Each entry should be transcribed exactly as written, and any picture left out.

* * * * * * * * *

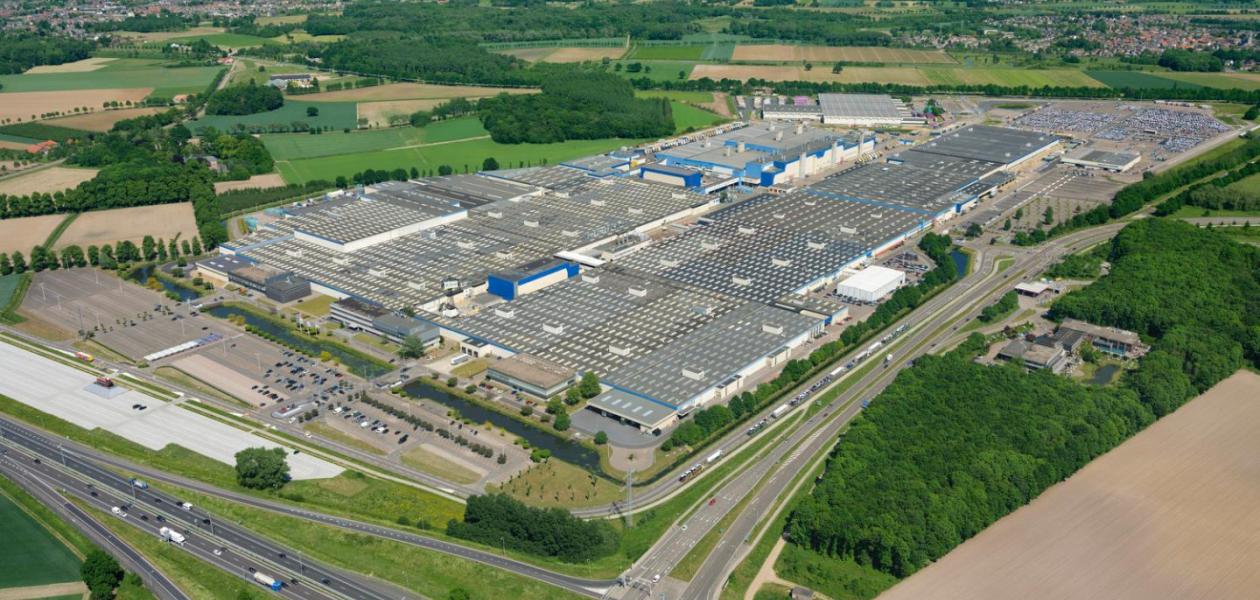 Province of Limburg and VDL jointly invest in future of VDL site in Born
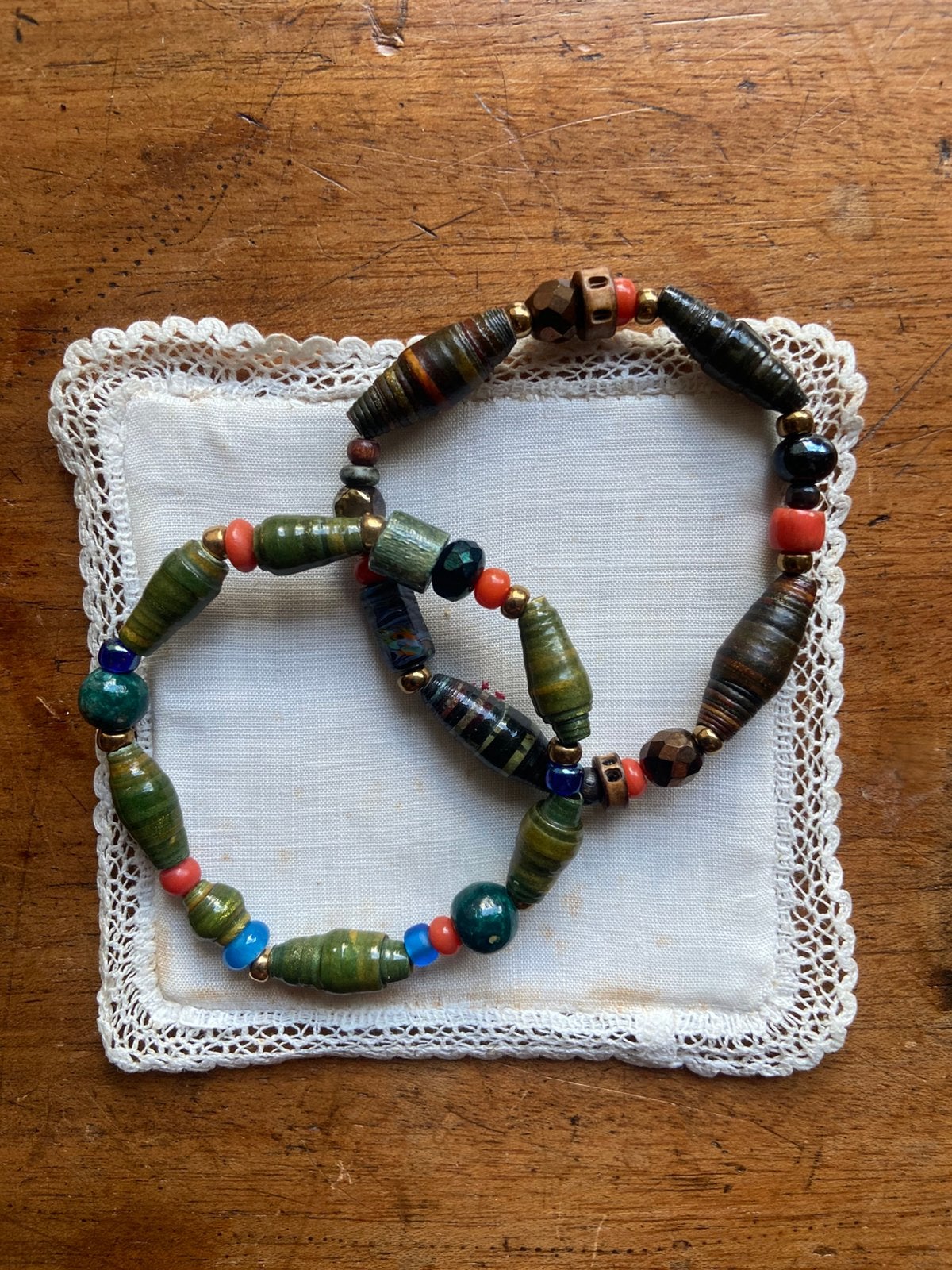 Armband glas papier steen bloedkoralen, Ophalen of Verzenden, Zo goed als nieuw, Rood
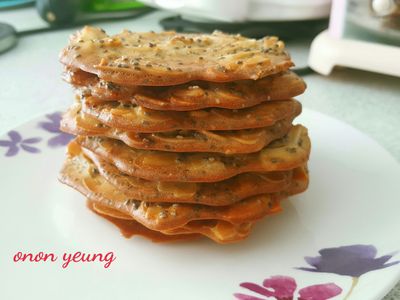 參考食譜 : 香脆奇亞籽杏仁瓦片
簡易。家常烘焙。點心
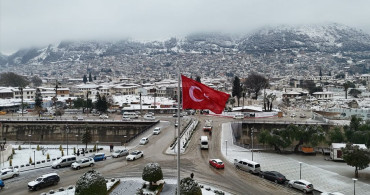 Hatay'da Kar Yağışı Etkisini Sürdürüyor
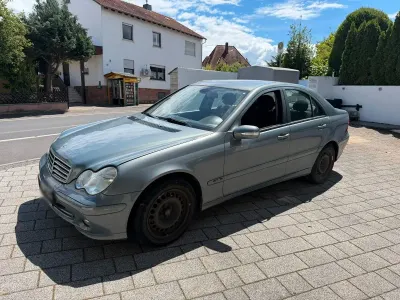 Gebraucht Mercedes C200 Classic 163 PS (119 kW) 2004 Grau Limousine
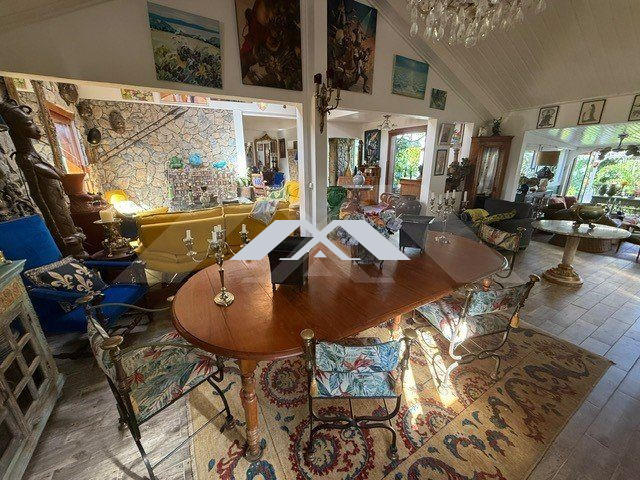 Maison - 200 m² - 5 pièces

* * * * * * * * *

**ANSWER SECTION**
 Province of Limburg and VDL jointly invest in future of VDL site in Born
 Armband glas papier steen bloedkoralen, Ophalen of Verzenden, Zo goed als nieuw, Rood
 參考食譜 : 香脆奇亞籽杏仁瓦片
簡易。家常烘焙。點心
 Hatay'da Kar Yağışı Etkisini Sürdürüyor
 Gebraucht Mercedes C200 Classic 163 PS (119 kW) 2004 Grau Limousine
 Maison - 200 m² - 5 pièces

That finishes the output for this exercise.